On Feb 10, 2010, at 2:29 PM, Olle E. Johansson wrote:
> I wonder if we should try to raise ourselves a bit above various channel specifics.

That was always my goal. :-) That's why I want to do as much in the dialplan as possible.  We just need to make sure that all of our channels behave consistently--even the ones that don't support encryption. It doesn't do us any good if we store somewhere that encryption is required, and then have the channel code ignore it.

> If we have an inbound call, we can have or require a combination of
> - secure signalling
> - secure caller ID (identity)
> - secure media
> - secure IM

Wouldn't caller id be part of signaling and IM be part of media, though? Is there any protocol in existence where you can have secure caller id w/o secure signaling or would not have secure caller id if you did have secure signaling? I admit my lack of experience with much more than SIP and  a little IAX, so if you have any examples in mind, let me know.

> We also need to be able to have a property on the bridge  - like the meetme. 

This makes sense and seems like something we would need to me.

> - inbound call with SRTP
> - outbound call to forking SIP proxy
>   - 183 with RTP from one server
>  - 200 OK with SRTP
> 
> SHould we play the early media if we have a security requirement?

If we have required SRTP (media), we haven't offered anything other than RTP/SAVP. If the 183 comes in with non-encrypted audio, I would think that something on the other end was broken. So, in my opinion we would just ignore the response.

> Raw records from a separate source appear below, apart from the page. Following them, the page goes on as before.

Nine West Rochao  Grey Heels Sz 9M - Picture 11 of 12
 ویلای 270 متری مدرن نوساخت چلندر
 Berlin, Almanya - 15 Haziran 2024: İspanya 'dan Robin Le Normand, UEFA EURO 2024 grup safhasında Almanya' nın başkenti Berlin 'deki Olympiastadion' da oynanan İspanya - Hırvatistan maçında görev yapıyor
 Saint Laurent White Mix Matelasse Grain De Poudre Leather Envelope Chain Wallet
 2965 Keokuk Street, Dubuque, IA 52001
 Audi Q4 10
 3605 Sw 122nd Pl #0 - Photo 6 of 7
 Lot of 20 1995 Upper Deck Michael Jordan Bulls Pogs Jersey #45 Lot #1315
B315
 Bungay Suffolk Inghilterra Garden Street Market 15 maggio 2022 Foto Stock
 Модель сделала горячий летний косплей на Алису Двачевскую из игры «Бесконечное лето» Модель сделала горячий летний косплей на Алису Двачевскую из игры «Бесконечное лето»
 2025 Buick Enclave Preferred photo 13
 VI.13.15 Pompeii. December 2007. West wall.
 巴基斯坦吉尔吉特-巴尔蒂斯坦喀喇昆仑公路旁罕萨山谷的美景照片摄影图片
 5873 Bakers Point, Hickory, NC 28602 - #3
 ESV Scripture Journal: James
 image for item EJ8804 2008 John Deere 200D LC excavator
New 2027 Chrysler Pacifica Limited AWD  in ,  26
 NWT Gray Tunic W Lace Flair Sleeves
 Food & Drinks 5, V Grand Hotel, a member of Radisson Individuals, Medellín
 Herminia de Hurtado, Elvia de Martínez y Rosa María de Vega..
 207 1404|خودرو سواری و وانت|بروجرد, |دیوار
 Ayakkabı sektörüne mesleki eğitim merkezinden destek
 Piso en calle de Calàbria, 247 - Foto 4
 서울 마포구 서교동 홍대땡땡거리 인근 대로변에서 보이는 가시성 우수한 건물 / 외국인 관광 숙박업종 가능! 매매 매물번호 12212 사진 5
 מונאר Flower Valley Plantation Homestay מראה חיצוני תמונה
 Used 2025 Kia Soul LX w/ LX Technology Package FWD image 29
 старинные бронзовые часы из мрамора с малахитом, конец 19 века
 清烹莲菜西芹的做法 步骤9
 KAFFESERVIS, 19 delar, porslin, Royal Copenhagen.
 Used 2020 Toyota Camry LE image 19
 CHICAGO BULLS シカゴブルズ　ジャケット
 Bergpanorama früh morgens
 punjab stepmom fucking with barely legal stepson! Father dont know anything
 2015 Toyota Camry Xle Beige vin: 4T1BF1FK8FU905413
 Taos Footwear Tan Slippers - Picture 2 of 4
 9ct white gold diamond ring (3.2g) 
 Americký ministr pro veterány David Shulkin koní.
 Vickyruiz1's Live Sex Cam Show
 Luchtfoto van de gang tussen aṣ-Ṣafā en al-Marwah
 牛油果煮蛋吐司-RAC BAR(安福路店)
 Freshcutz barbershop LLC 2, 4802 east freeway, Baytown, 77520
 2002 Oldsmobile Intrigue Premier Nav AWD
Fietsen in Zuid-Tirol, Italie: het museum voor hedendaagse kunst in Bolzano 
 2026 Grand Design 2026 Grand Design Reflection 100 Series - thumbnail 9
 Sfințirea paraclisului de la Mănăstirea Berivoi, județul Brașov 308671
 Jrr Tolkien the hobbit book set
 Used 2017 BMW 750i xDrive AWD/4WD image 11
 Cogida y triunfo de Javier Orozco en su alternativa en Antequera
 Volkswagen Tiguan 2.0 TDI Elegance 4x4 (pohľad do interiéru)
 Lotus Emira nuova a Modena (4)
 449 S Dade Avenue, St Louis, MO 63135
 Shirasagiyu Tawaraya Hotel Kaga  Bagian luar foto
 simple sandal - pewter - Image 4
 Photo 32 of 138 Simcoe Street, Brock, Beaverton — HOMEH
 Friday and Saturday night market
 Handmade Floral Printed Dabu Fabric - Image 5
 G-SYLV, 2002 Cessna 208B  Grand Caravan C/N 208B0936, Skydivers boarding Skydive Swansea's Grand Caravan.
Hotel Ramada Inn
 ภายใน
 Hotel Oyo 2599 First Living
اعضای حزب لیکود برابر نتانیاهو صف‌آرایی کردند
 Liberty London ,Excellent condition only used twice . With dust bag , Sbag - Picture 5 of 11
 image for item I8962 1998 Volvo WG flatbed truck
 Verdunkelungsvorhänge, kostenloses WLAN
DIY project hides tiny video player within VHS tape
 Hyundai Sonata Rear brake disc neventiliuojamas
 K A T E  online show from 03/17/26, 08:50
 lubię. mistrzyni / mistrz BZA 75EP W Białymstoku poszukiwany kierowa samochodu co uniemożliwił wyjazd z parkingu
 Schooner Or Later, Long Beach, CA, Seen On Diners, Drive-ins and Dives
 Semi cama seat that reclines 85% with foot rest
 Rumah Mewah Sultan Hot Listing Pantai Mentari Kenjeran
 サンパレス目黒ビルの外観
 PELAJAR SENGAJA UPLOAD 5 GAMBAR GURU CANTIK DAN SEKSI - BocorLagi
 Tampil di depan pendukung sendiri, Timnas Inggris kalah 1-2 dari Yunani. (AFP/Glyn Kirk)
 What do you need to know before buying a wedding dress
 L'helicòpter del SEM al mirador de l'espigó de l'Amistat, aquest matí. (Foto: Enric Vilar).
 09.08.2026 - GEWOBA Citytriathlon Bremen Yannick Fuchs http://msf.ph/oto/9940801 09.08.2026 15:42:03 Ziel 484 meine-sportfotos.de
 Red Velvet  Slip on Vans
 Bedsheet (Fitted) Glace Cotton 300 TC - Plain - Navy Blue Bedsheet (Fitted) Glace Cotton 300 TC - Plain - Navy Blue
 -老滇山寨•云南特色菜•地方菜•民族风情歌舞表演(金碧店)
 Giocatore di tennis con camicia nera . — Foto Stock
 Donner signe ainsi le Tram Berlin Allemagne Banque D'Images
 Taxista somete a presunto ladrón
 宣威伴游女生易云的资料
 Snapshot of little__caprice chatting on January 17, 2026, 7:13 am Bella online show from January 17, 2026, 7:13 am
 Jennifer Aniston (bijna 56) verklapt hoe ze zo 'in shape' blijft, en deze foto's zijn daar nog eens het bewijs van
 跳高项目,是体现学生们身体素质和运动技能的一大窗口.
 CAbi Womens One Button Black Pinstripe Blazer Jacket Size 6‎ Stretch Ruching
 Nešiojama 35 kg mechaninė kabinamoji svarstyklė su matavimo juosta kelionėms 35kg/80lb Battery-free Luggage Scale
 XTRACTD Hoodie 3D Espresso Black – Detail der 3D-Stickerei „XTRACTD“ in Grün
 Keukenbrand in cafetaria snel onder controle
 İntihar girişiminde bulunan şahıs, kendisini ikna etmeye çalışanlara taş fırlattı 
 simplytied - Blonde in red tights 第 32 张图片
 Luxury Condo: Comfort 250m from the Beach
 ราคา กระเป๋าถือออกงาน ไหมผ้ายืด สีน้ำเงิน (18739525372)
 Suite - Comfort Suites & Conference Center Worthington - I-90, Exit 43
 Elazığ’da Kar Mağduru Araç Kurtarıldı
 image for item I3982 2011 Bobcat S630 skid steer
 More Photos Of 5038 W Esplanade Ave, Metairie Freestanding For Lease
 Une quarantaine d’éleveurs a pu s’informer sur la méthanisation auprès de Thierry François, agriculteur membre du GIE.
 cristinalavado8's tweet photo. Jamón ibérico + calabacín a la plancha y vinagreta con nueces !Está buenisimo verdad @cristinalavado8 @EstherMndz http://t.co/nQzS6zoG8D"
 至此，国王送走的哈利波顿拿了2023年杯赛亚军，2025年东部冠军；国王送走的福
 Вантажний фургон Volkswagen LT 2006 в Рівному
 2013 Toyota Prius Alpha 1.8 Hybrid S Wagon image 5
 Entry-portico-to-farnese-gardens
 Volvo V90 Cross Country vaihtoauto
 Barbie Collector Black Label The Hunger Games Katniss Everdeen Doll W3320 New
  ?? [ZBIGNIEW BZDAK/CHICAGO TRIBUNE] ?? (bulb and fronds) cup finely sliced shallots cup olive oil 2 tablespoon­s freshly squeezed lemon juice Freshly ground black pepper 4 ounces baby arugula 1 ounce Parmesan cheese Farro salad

> - incoming call with TLS/SRTP - security requirement for outbound call
> - 200 OK with SRTP
> - REFER to non-SRTP device 
> 
> - should we deny transfer?

If we are requiring all bridged calls to be encrypted, then I would say that we would have to deny the transfer.

> - outbound call without security requirement
> - 200 OK with one offer RTP and an alternative with SRTP in the same SDP
> 
>  Polycoms do this if configured that way. What do we choose? (if we could parse the SDP correctly :-) )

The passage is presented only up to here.